For the team that signs LeBron James, if the majority of payroll is tied up in James' contract. What will be left in additional free agents resigning and overall quality of teammates? James has to understand that his team won't be able to get that much better with the size of his new contract. I mean you think he's frustrated with his help in Cleveland. He hasn't seen anything yet. Take Boston now, with the addition of Ray Allen and then Garnett, Ainge got creative in putting together the rest of the roster in draft picks (young players) and resigning players to short term deals. In other words, his hands were tied as far as how much he can do to improve the roster beyond Pierce, Ray Allen and Garnett. That future team better or Cleveland better realize this point by then, in 2010. Can you say, improvise? Yup, that's what they'll have to do. And they'll have to draft well and/or sign a bunch of aging veterans off the scrap heap. Would you sign for a lesser salary to play with James?
The NBA's latest version of a long-running presidential election involves LeBron James and more than a dozen other high-profile candidates. The issue: Where will they land when they become free agents in 2010?
This promises to be the most provocative free-agent class of the post-Jordan world, with the Pistons, Nets and (launch Darth Vader intro music) Knicks among the dozen or more teams potentially lining up to recruit and sign one or more of the game's biggest names. But ... and a big but this is ... it's a story that won't be consummated until the summer after next.

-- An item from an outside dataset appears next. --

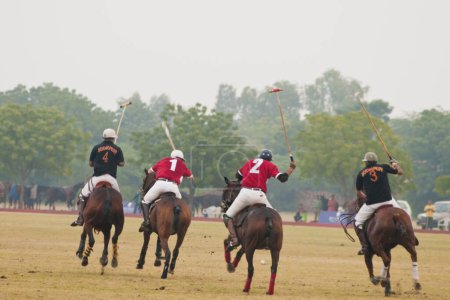 Foto de Jugadores montando a caballo golpeando una pelota en el partido de polo en jodhpur Rajasthan India - Imagen libre de derechos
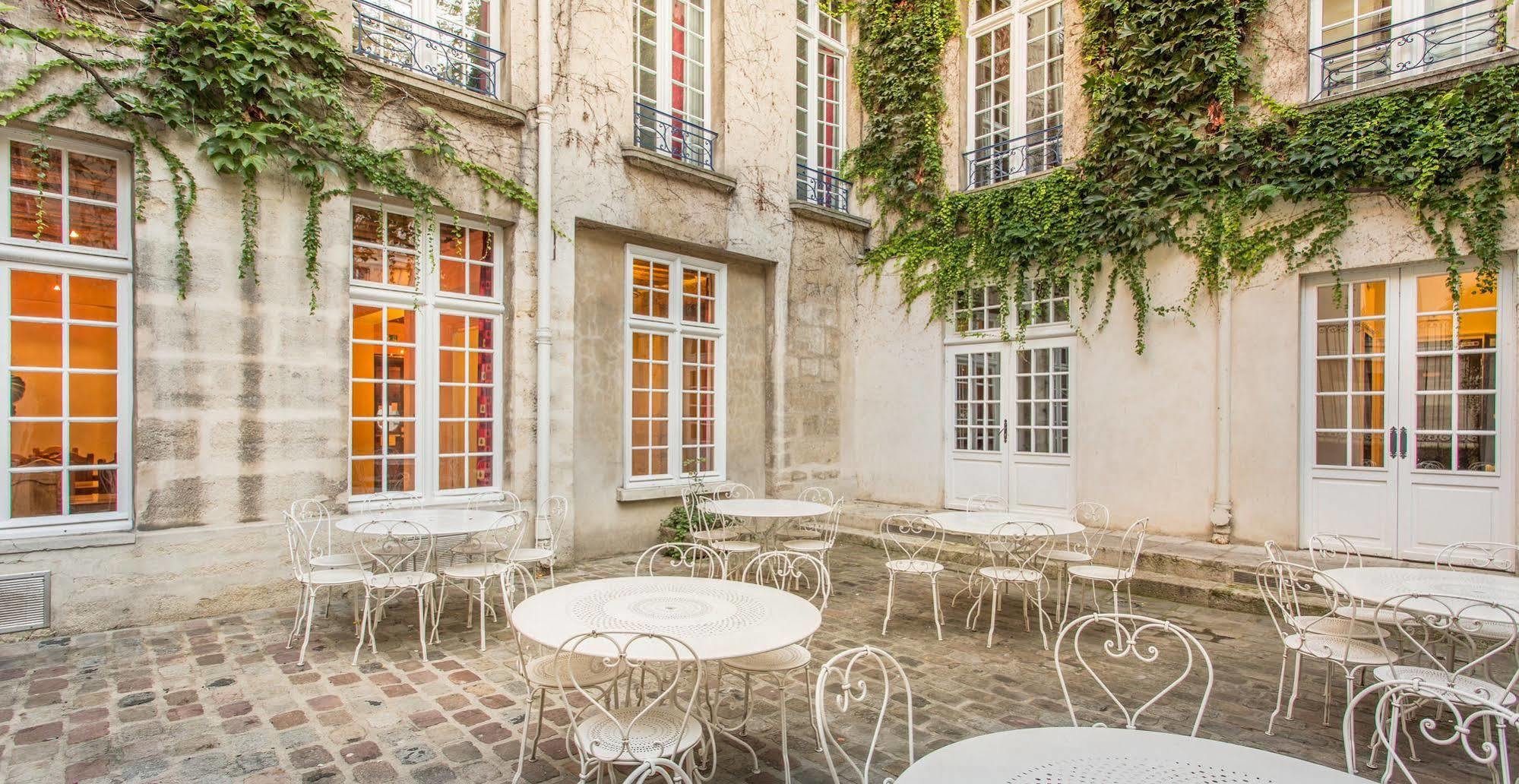 Mije Marais Hostel Париж Екстер'єр фото The courtyard of the Hôtel de Matignon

Indeed, nothing may come of all the speculation, should LeBron and his fellow stars decide to re-sign with their current teams, as they very well may do.
"I find it sort of strange,'' said Henry Thomas, agent to potential 2010 free agents Dwyane Wade and Chris Bosh. "The reality is it's two years away. I don't know why there's so much talk about it.''
It's because this is the NBA's Next Big Thing. The previous Next Big Things were the impending divorce of Shaquille O'Neal and Kobe Bryant (which was realized), followed by the imminent departure of Kevin Garnett from Minnesota, which was anticipated for two excruciating years (and which happened), which begot the issue of Kobe's on-and-off desires to leave the Lakers (which is now off). That leaves us looking past the next two seasons to a summer of free-agent movement that may never come to be.
Adding relevance to the conjecture is the possibility of LeBron's moving to New York, enabling the NBA to seize its biggest market and instigating an N.Y.-L.A. rivalry of LeBron vs. Kobe that could dwarf the Celtics-Lakers wars of the 1980s.